Approval follows agreement to limit dominance in chronic dialysis market and protect public healthcare system patients.
Brazil’s antitrust watchdog CADE has approved, with conditions, the acquisition of Brasnefro, part of Fresenius Medical Care (FMC), by DaVita. Both companies operate in the dialysis sector, including service provision for Brazil’s public healthcare system, SUS. CADE’s technical staff had initially recommended blocking the deal due to the risk of excessive market concentration in certain regions and its potential to raise SUS costs. The final decision was unanimous.
The approved deal differs from the version initially reviewed by CADE’s technical team. Following a negative recommendation from the General Superintendence, the companies negotiated a Merger Control Agreement (ACC) with CADE’s tribunal, a mechanism used to resolve complex antitrust cases through negotiated remedies. The terms of the agreement were not disclosed by the case’s rapporteur.
Member Gustavo Augusto said during the session that a key component of the agreement involves divestitures. The remedy is split into two packages: the first includes units in São Paulo, João Pessoa, Recife, Brasília, and two clinics in Rio de Janeiro, which must be sold to one buyer. The second includes four clinics in Rio de Janeiro state, which must be acquired by a separate company. “The post-remedy scenario is better than the current one,” he said.
“The decision will benefit patients who rely on dialysis, as more competition in the market leads to better care,”
said the case’s rapporteur, José Levi.
Although no buyers have yet been identified, the divestment process will be monitored by a trustee and follow procedures set in the agreement.
CADE found no competitive issues in the hospital-based dialysis market, where hospitals either contract service providers through tenders or provide the service themselves.
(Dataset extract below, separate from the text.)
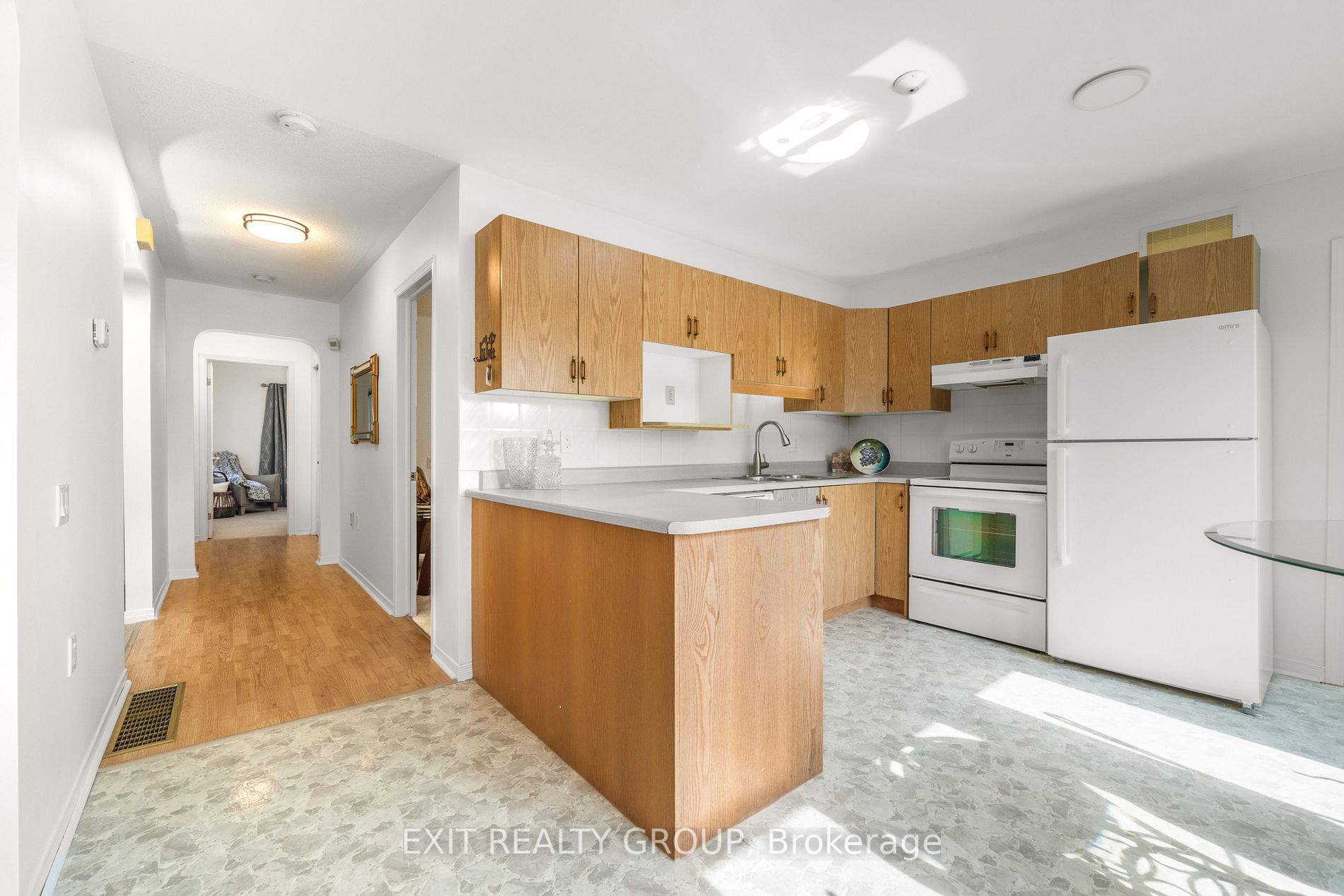 32 Heritage Dr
The concern lies with chronic dialysis patients, where private clinics are accredited by SUS or health insurance providers to deliver treatment.
Due to potential market concentration in this segment, CADE’s technical body recommended blocking the merger, citing risks in João Pessoa, the Recife metropolitan area, Brasília, São Paulo, and several municipalities in Rio de Janeiro state—including Niterói, Nova Iguaçu, São João de Meriti, and the capital.
Competitors Nefrostar and Diaverum argued that DaVita had been systematically acquiring rivals and that the deal would further increase its market share and bargaining power with private insurers and SUS. They warned this could lead to competitors being pushed out of the market. They also pointed out that 70–80% of chronic dialysis patients in Brazil are treated through SUS, which relies heavily on contracts with private clinics.
DaVita’s attorney, Daniel Andreoli, countered that SUS reimbursements cover only 70% of dialysis costs—posing a much greater challenge to small clinics than to DaVita. He also criticized the government’s delays in increasing payment rates. “More than ten states currently supplement SUS reimbursements,” he said.
Mr. Levi acknowledged that the General Superintendence had reached a reasonable conclusion based on the information available at the time—particularly because no remedies had been proposed yet. He said that the remedies presented afterward were shaped through dialogue with both CADE councilors and their advisors.
“This case demands our full attention,” Mr. Levi said. “There are many nuances. Acute patients are one matter; chronic patients are another.”
He emphasized the high level of market concentration, but added that the Merger Control Agreement had the potential to improve the current landscape.